Province willing to talk with Lantzville about traffic management for Island Highway

Lantzville councillor plans to ask ministry to install traffic time signs on Highway 19

The provincial government is willing to work more closely with the District of Lantzville on detour and traffic management plans for the Island Highway.

According to a letter available on the district’s website, the Ministry of Transportation said it would “be more than happy” to go over its traffic management plan for Highway 19 with the District of Lantzville and to “work more closely” with the municipality on detour plans.

The letter explains that in the event of an incident that “results in the long closure” of Highway 19, the ministry’s traffic plan calls for the use of a gate that is installed with a “median barrier” at a rest area near Nanoose Bay, allowing traffic to cross over onto the opposite side of the highway.

Lantzville’s section of the highway has “limited detour” options, the ministry notes.

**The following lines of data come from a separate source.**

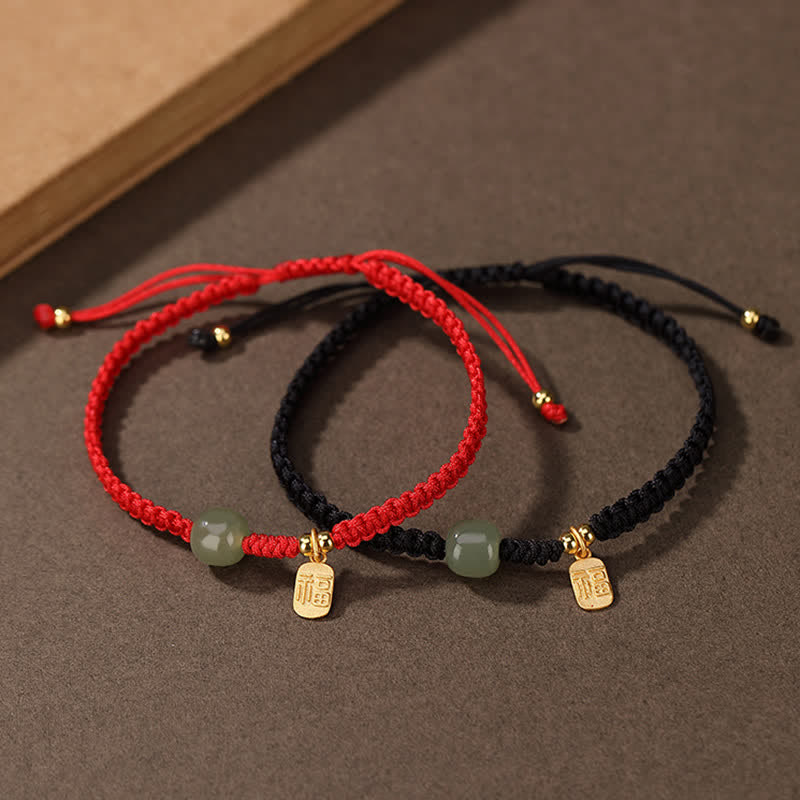 Pair of 925 silver Hetian jade red string bracelets showing red cord and black cord options with green jade bead and gold fu fortune character charm on textured brown surface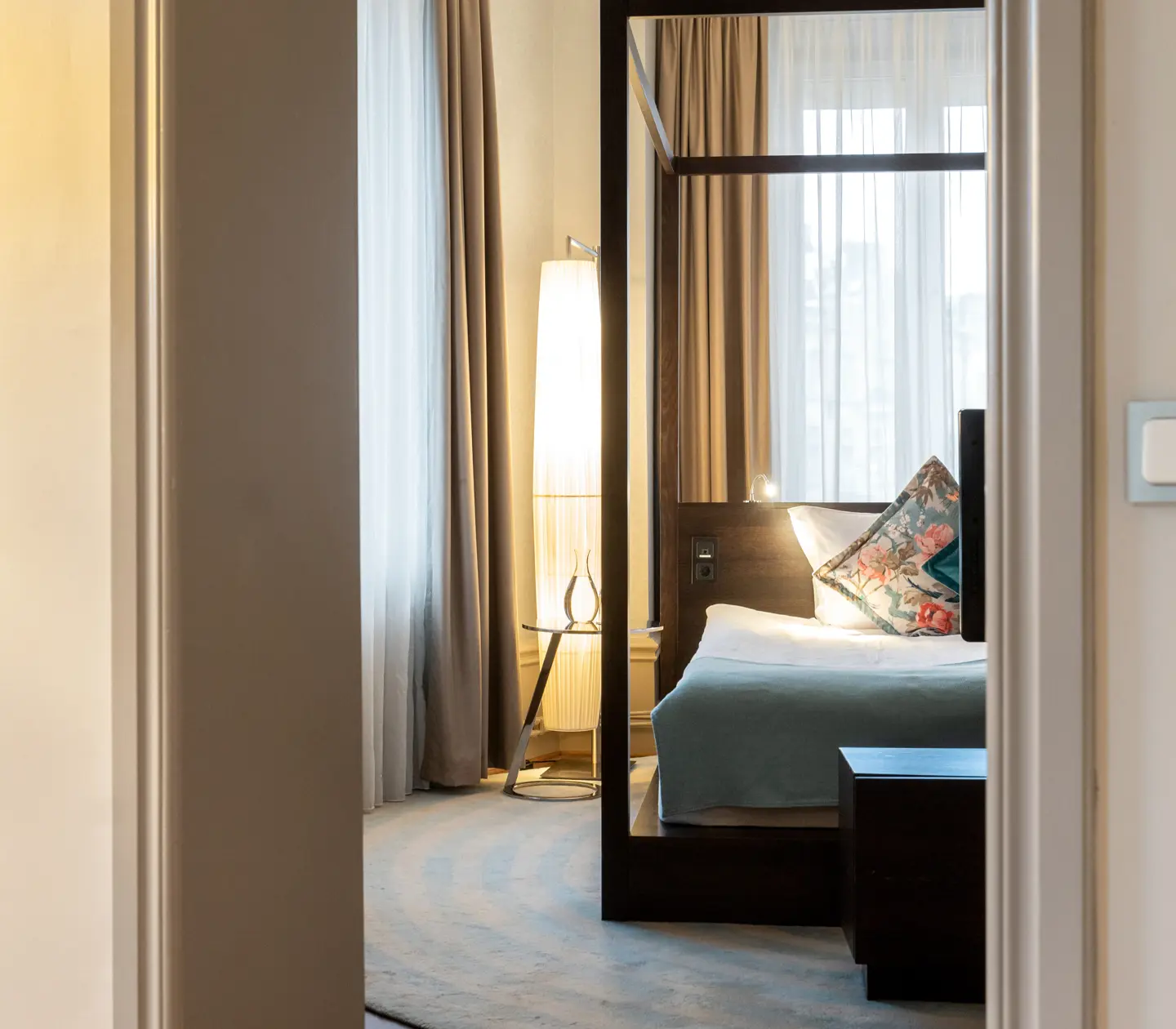 Cozy hotel suite with double bed, floor lamp and TV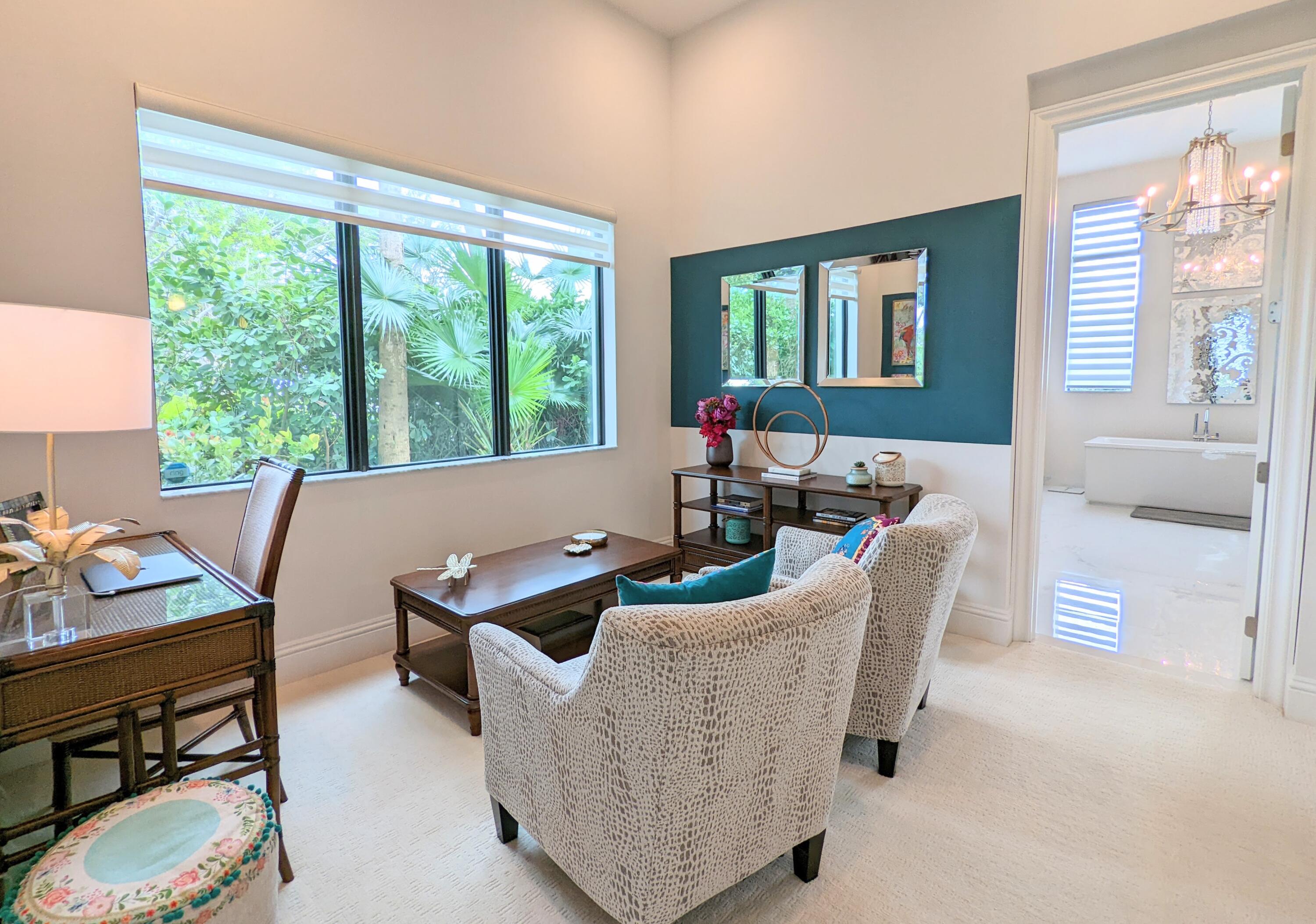 7095 Northwest 27th Avenue Boca Raton, FL 33496 - Photo 20 of 51 a living room with furniture and a floor to ceiling window
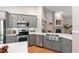 Modern kitchen with gray cabinets, stainless steel appliances, and a farm sink at 1637 Bent Oaks Blvd, Deland, FL 32724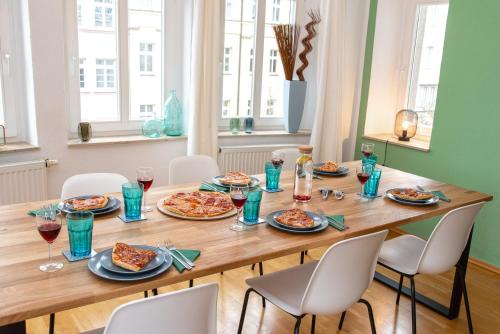 une table en bois avec des assiettes de nourriture dans l'établissement Kaßberg Apartment im Retro-Stil / Netflix & WIFI, à Chemnitz
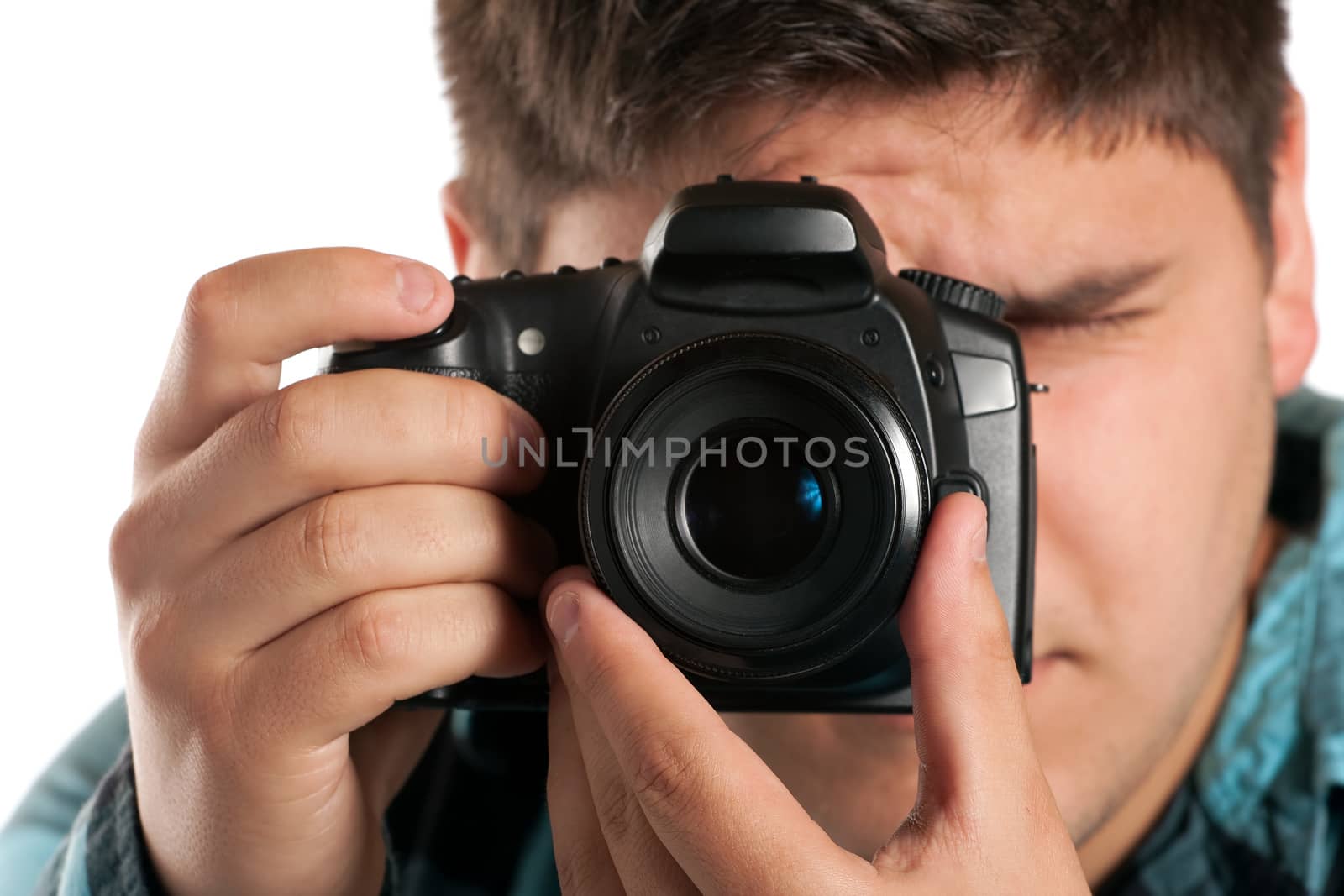 Male Photographer Shooting digital slr camera isolated on white.  Shallow depth of field.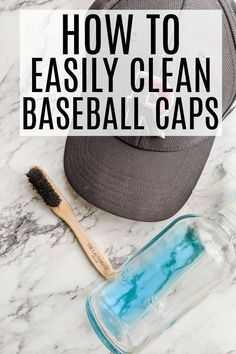 a baseball cap sitting on top of a white counter next to a blue ball and toothbrush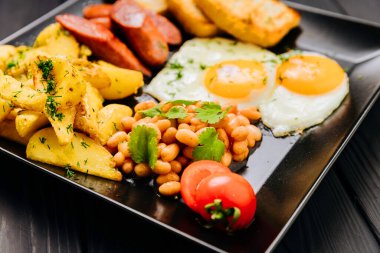 Yağda yumurta, sosis, patates, fasulye ve tost ile dolu kahvaltı tabağı. Yüksek kalite fotoğraf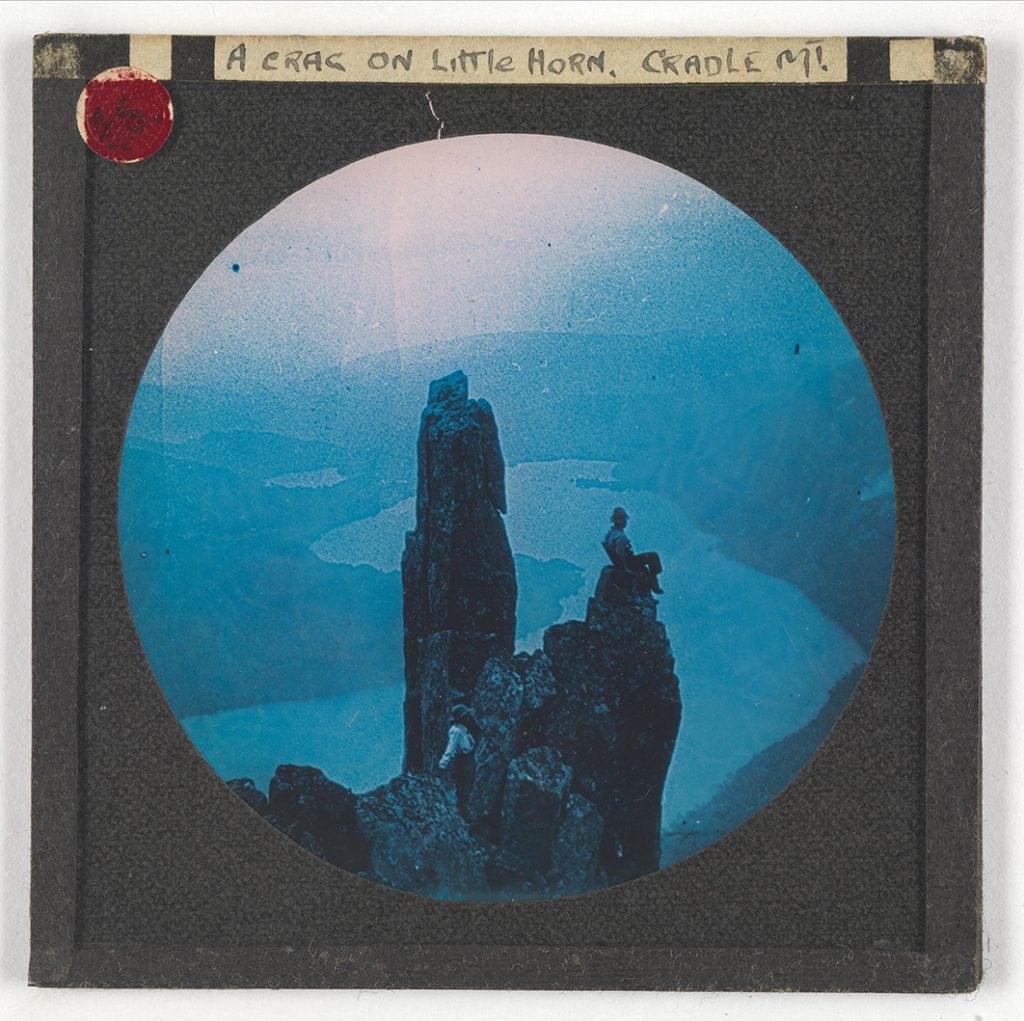 Photograph - 'A Crag on Little Horn, Cradle Mt.' (woman standing, man seated on high rocks) (circle frame) [Lantern Slide - blue tone ] [Box 4]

The ministry’s response comes less than a month after Lantzville council passed a series of motions calling on the Ministry of Transportation and Infrastructure to create a traffic management plan for the district when Highway 19 is closed as well as carry out a review of the highway to address safety concerns.

The motions, which were brought forward by Coun. Karen Proctor and passed unanimously, also called on the Nanaimo RCMP to increase enforcement along Lantzville’s stretch of the Island Highway

About 8.5 kilometres of Highway 19 cross through the District of Lantzville and Nanoose First Nation. During that stretch, there are four intersections with traffic lights, with the major intersections being Superior Road and Ware Road. Traffic lights were installed earlier this year on Highway 19 at the Lantzville Road intersection, near the newly built Shell station.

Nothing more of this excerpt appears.